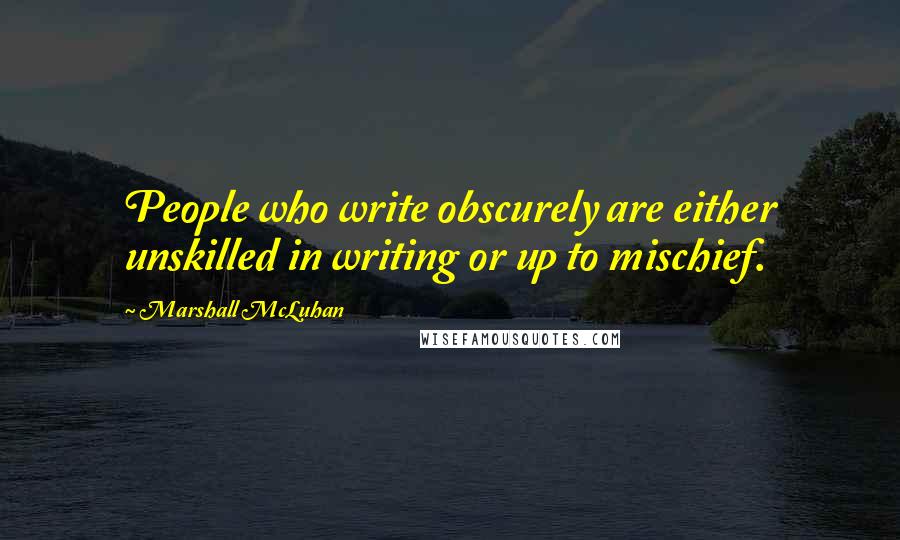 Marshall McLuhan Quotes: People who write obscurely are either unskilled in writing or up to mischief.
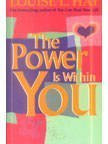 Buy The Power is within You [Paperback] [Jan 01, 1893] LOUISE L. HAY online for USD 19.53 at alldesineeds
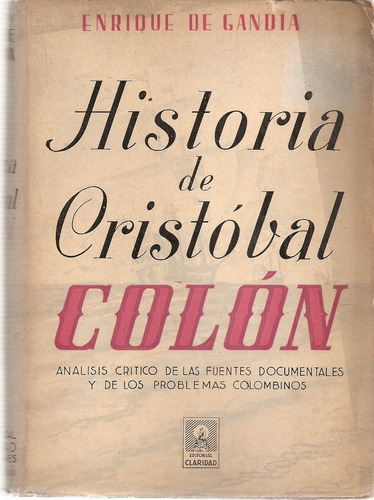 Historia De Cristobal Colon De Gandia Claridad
# # #
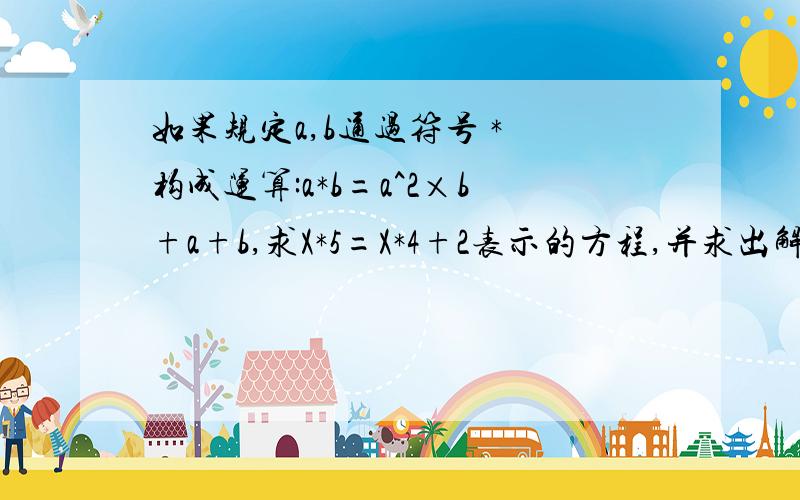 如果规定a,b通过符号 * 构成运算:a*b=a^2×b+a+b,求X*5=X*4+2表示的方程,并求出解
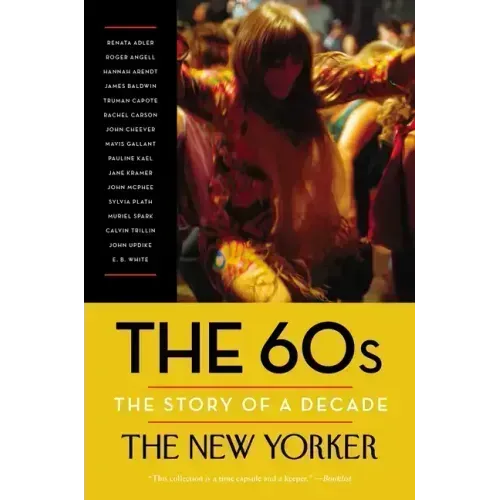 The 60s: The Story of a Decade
# # #
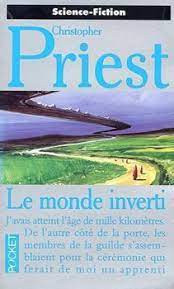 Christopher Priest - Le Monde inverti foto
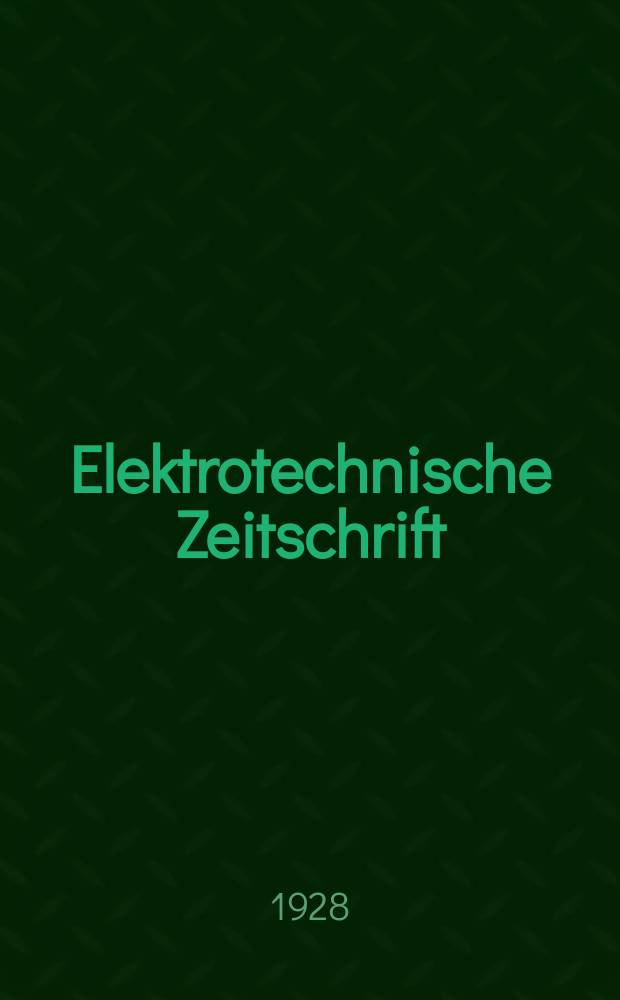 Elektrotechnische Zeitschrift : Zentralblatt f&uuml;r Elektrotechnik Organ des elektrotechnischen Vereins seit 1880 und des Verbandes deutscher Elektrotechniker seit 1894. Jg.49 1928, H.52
# # #
- _WORK TASK_
Exact copy, pictures excluded: every line above from the one containing "Marshall McLuhan Quotes: People" to the one containing "Historia De Cristobal", inclusive, and nothing more.

- _OUTPUT BELOW_
 Marshall McLuhan Quotes: People who write obscurely are either unskilled in writing or up to mischief.
 Buy The Power is within You [Paperback] [Jan 01, 1893] LOUISE L. HAY online for USD 19.53 at alldesineeds
 Historia De Cristobal Colon De Gandia Claridad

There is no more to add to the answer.